As headlines bellow outrage over Olympic Games figure skating fixes, no mainstream media ink has been devoted to the Enron fix, which is quickly becoming one of the biggest cover-ups in history. This fix began two weeks ago with the quietly accepted testimony of Enron board member Herbert "Pug" Winokur, an appearance that ensured that the charade would leave criminals protected and free, and plundered monies hidden.

In his report, Winokur, the chairman of Enron's finance committee (which is responsible for ensuring the financial soundness of the company) blamed the rest of Enron management, and the auditors at Arthur Andersen, for deceiving him. Members of the various investigating committees quickly accepted this implausible deflection and moved on, eager to avoid crossing the notorious Winokur.

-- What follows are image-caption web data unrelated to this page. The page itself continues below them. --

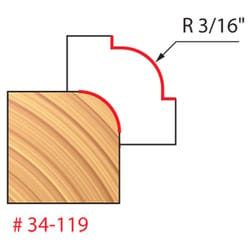 Freud 7/8 in. D X 3/16 in. X 2-1/2 in. L Carbide Rounding Over Router Bit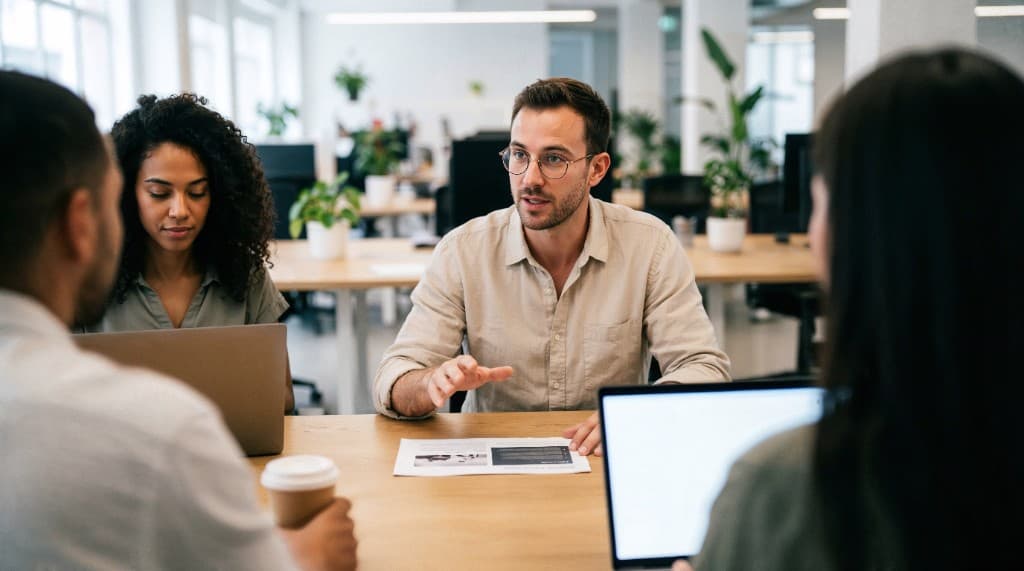 Führungskraft moderiert ein Teamgespräch im Büro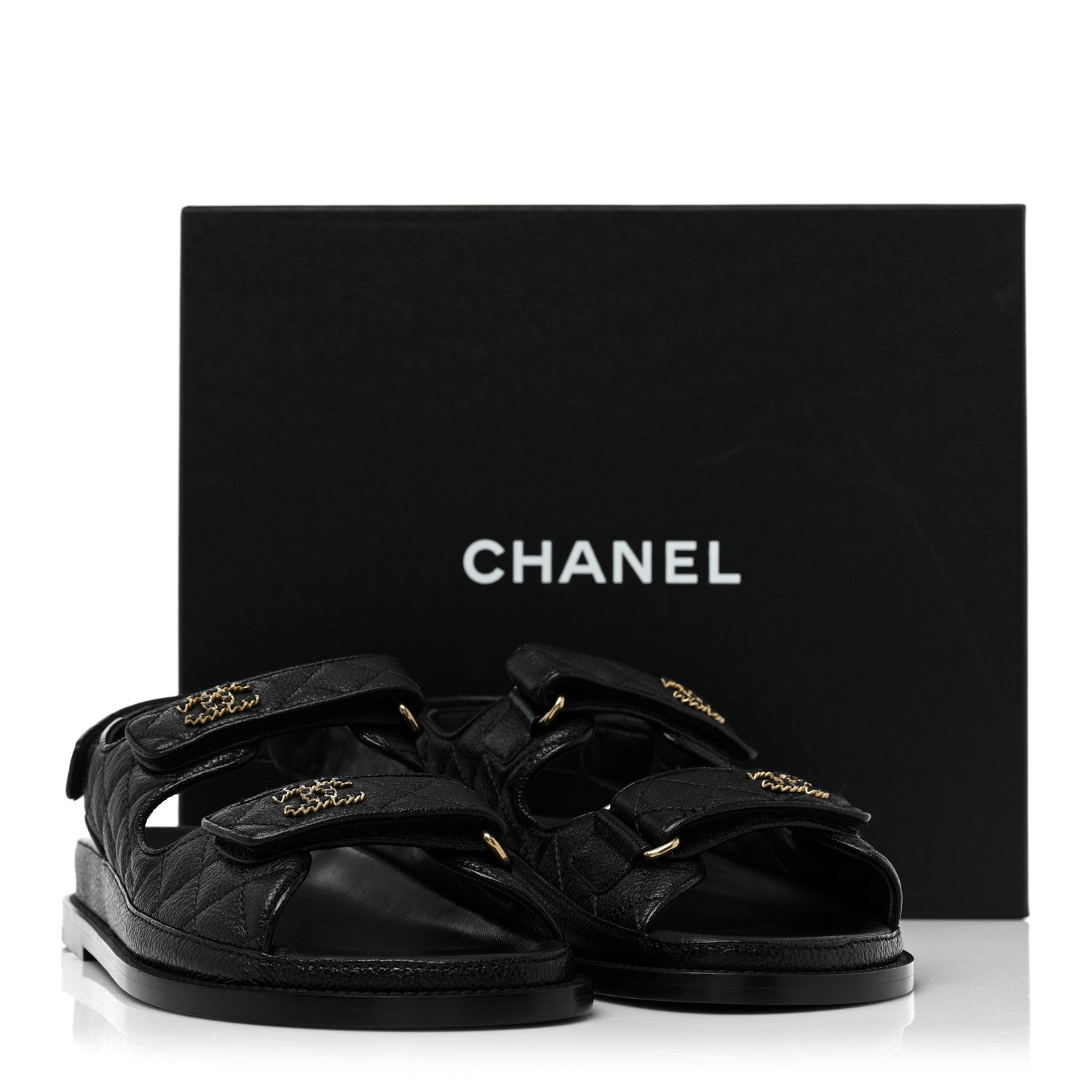 Chanel Grained Calfskin Velcro Dad Sandals 39 Black 9 of 9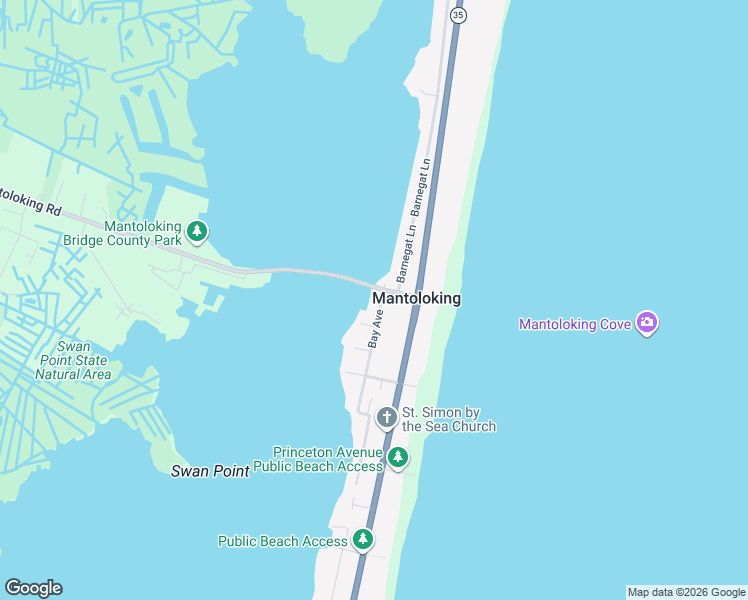 map of restaurants, bars, coffee shops, grocery stores, and more near 1204 Bay Avenue in Mantoloking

Opponents of Winokur have ample reason to be petrified and silent.
[read more]

thanks to American Samizdat

 02:39 AM - link



Environment

Global warming 'unstoppable for next 100 years'

Sea level rise 'seriously underestimated'

both thanks to DANGEROUSMETA!

 02:32 AM - link



Israel/Palestine

Good news first.

An Intriguing Signal From the Saudi Crown Prince

Earlier this month, I wrote a column suggesting that the 22 members of the Arab League, at their summit in Beirut on March 27 and 28, make a simple, clear-cut proposal to Israel to break the Israeli-Palestinian impasse: In return for a total withdrawal by Israel to the June 4, 1967, lines, and the establishment of a Palestinian state, the 22 members of the Arab League would offer Israel full diplomatic relations, normalized trade and security guarantees. Full withdrawal, in accord with U.N. Resolution 242, for full peace between Israel and the entire Arab world. Why not?
(..)

After I laid out this idea, the crown prince looked at me with mock astonishment and said, "Have you broken into my desk?"
[read more]

Reserve generals back unilateral withdrawal

After four months of intense discussion, the Council for Peace and Security, a group of 1,000 top-level reserve generals, colonels, and Shin Bet and Mossad officials, are to mount a public campaign for a unilateral Israeli withdrawal from all of Gaza and much of the West Bank.

Taking care to avoid the term "separation" - council member Shlomo Avineri, a former foreign ministry director general, said it smacks of apartheid - the organization is calling for evacuating Gaza, dismantling 50 settlements, the immediate establishment of a Palestinian state, and immediate peace talks with Palestinians, whether there is a cease-fire or not.
[read more]

Survey: 70% of Palestinians favor final status talks with Israel

Screw the bad news. There's no shortage of it but let's just hope that sensible heads will finally prevail.

 02:24 AM - link



  Monday   February 18   2002

Images

The siren song of the scanner called again. I climbed up to my storage loft and liberated the boxes and shopping bags full of prints and negatives. I just did a quick survey and found *many* lost friends. I need to catalog them and get them stored properly. I've been a bad boy. But I grabbed a few to scan.

I'm still learning this scanner and software (Epson Perfection 2450 and SilverFast) and I'm discovering how dirty some of my negatives are. When you scan at 2400 dpi you see a lot. Oh my god!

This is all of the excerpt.